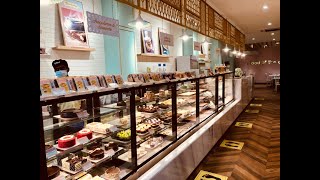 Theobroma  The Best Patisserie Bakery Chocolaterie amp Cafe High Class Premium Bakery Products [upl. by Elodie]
...
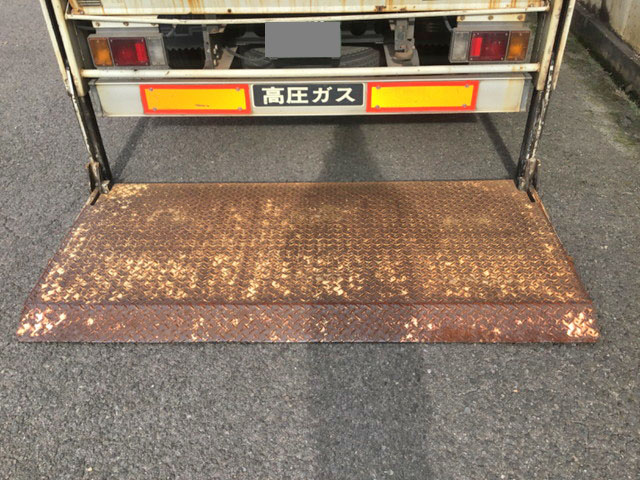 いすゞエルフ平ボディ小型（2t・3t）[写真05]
--
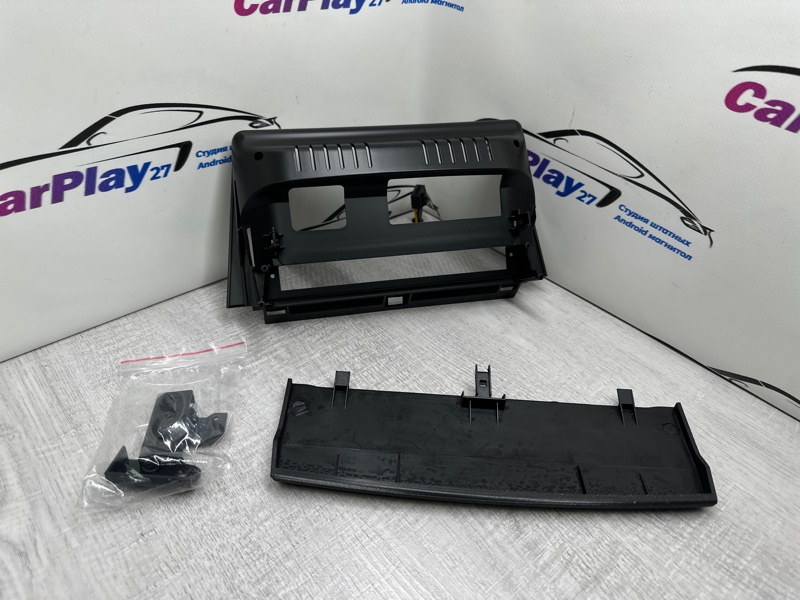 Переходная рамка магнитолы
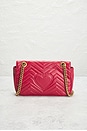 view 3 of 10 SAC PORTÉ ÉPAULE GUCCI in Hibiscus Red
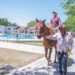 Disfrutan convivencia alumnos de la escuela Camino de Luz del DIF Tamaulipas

WORK TO BE COMPLETED: In the material above, the stretch from the line with "view 3 of 10" through the line with "Disfrutan convivencia alumnos" is to be given again exactly, minus the pictures.

RESPONSE BOX:
 view 3 of 10 SAC PORTÉ ÉPAULE GUCCI in Hibiscus Red
 Disfrutan convivencia alumnos de la escuela Camino de Luz del DIF Tamaulipas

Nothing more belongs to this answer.